Kinniburgh described the loss as "a rather inauspicious start for the new millennium", adding: "A few years of slow growth create problems for the trajectory over the longer term."
Of the 95 developing countries regularly monitored by the UN Secretariat, 37 experienced a decline in per capita output in 2001, compared with 25 in 2000. Only 17, half the number recorded in 2000, saw an increase of more than 3.0 percent. The countries worst affected last year included Argentina (minus 4.5 percent growth rate), Iraq (minus 6.0 percent), Turkey (minus 8.0 percent) and Zimbabwe (minus 7.5 percent).
But China and India enjoyed growth rates in excess of 7 percent and 5 percent respectively. Both countries are expected to continue with high growth rates in 2002 and 2003, Kinniburgh said. He attributed the resilience of the two divergent economic systems to domestic demand, which has been picking up in the two countries. Each country has more than a billion inhabitants, so domestic markets are vast.
Since the United States led the global slowdown, the developing nations that fared the worst were those heavily reliant on US markets, Kinniburgh said. These included South Korea, Taiwan, Singapore, and Latin American countries.
"The shift in growth of over 13 percent in US imports in 2000 to a decline of 3.0 percent in 2001 was a major factor in the global slowdown," the report said.

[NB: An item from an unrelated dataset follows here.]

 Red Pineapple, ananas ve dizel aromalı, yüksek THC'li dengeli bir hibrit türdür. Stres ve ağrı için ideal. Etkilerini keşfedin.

The US slowdown began with the bursting of two "bubbles" related to information and communication technologies (ICT) sector - one in the real economy, the other in the stock market - and quickly spread around the world through the first decline in international trade in almost two decades. The September 11 terrorist attacks in New York and near Washington briefly exacerbated the situation, according to the study, but recovery in the United States began before the end of 2001.
The report also said that in previous global economic cycles, a slowdown in the United States would usually be accompanied by economic strength in Europe or Japan or both.
"In recent years, however, none of the other major economies has replaced the United States or shared its role in supporting global growth," the study added.
World trade, which increased in volume during the 1990s and underpinned economic success stories in regions such as Southeast Asia, plummeted from 12 percent growth in 2000 to negative 1 percent in 2001 (and minus 2.7 percent for developing nations).
Far from returning to vigorous growth in 2002, the United Nations anticipates an increase of only 2.3 percent in the volume of international trade this year. Overall, the world economy suffered its largest setback in a decade last year, with gross domestic product (GDP) increasing by only 1.3 percent compared with 4.0 percent in 2000.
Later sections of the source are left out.